For all of his victories he was awarded the title of Marquess of Villanueva de Valdueza on 17 January 1624.

In 1625 he was appointed General of Portugal (then in a personal union with Spain), and Capitán General of the Army of Brazil. He sailed towards Brazil at the head of a fleet consisting of 34 Spanish ships, 22 Portuguese ships and 12,566 men (three quarters were Spanish and the rest Portuguese).
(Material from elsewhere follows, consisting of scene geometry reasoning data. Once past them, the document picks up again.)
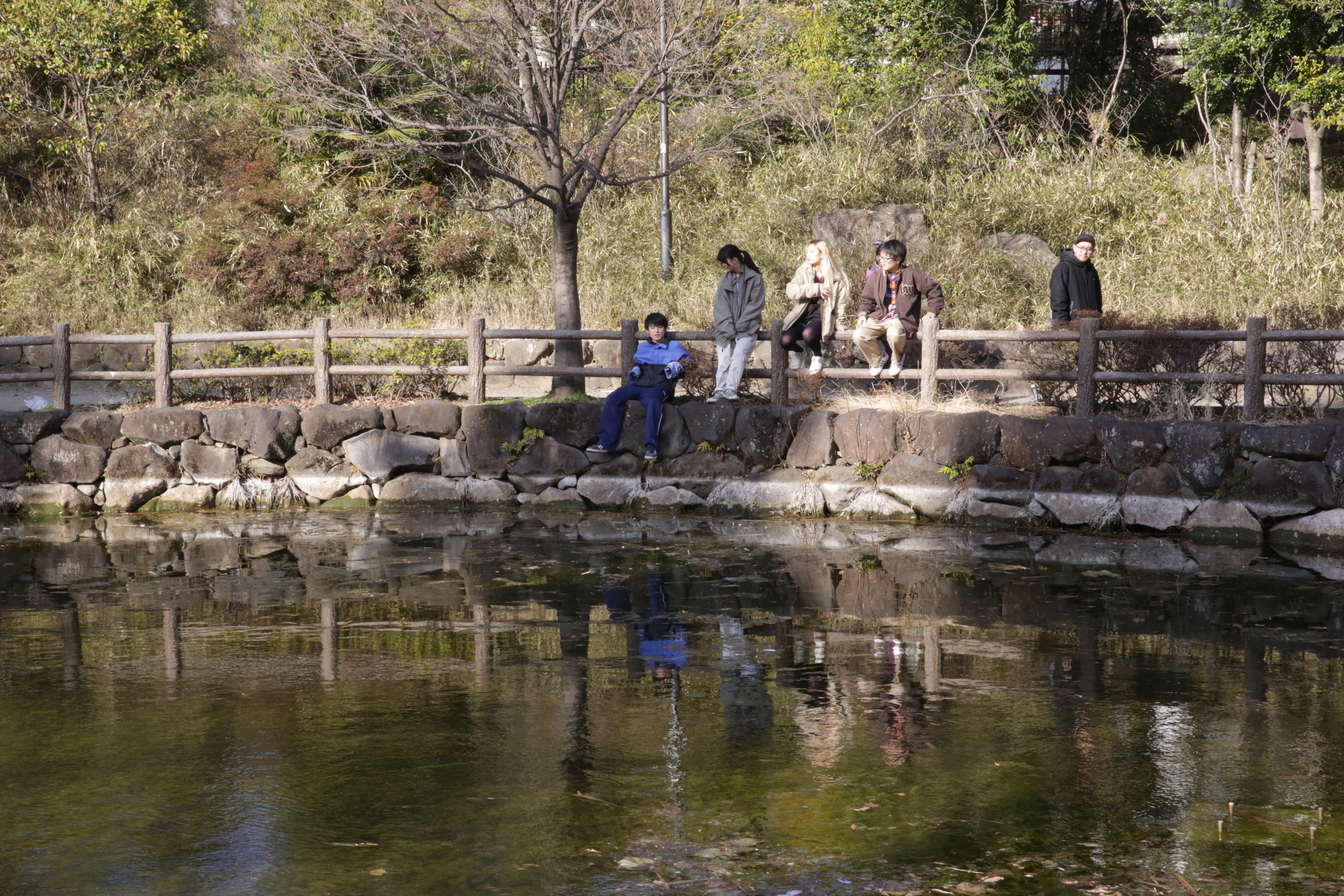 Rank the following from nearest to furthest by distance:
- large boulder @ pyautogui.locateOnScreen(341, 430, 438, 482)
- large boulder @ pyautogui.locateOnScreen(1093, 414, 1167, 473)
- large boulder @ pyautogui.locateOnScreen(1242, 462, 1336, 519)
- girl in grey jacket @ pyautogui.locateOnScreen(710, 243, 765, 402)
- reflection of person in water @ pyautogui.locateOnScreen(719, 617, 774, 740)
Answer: reflection of person in water @ pyautogui.locateOnScreen(719, 617, 774, 740), large boulder @ pyautogui.locateOnScreen(1242, 462, 1336, 519), large boulder @ pyautogui.locateOnScreen(1093, 414, 1167, 473), girl in grey jacket @ pyautogui.locateOnScreen(710, 243, 765, 402), large boulder @ pyautogui.locateOnScreen(341, 430, 438, 482)

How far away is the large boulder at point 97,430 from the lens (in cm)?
1181

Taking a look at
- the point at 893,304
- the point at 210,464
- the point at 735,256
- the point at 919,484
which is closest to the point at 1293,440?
the point at 919,484

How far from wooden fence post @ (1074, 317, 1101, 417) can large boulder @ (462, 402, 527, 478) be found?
502 centimetres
There he reconquered the strategically important city of Salvador da Bahia from the Dutch on 30 April 1625. This victory would prove decisively important in the Dutch-Portuguese War to oust the Dutch from Brazil over the next two decades.

In 1629 he commanded a Spanish expedition that expelled the English and French colonial settlers from the islands of Saint Kitts and Nevis.

==Marriage and children==

On 12 August 1627, in Madrid, Don Fadrique married his cousin Doña Elvira Ponce de León, daughter of Don Luis Ponce de León, VI Marqués de Zahara, and Doña Victoria Álvarez de Toledo.

They had three children :
- Doña Elvira de Toledo, married Don Juan Gaspar Enríquez de Cabrera, 6th Duke of Medina de Rioseco.
- Doña Victoria de Toledo, married her cousin Don Francisco Ponce de León, 5th Duke of Arcos.
- Don Fadrique Alvarez de Toledo y Ponce de León, 2nd Marquess of Valdueza, 7th Marquess de Villafranca and Grandee of Spain.

Don Fadrique also had two illegitimate children:

- Pedro Álvarez de Toledo, Abbot of the Royal Monastery of Alcalá la Real, Jaén.
- Íñigo de Toledo, who married Leonor de Velasco, XI Countess of Siruela.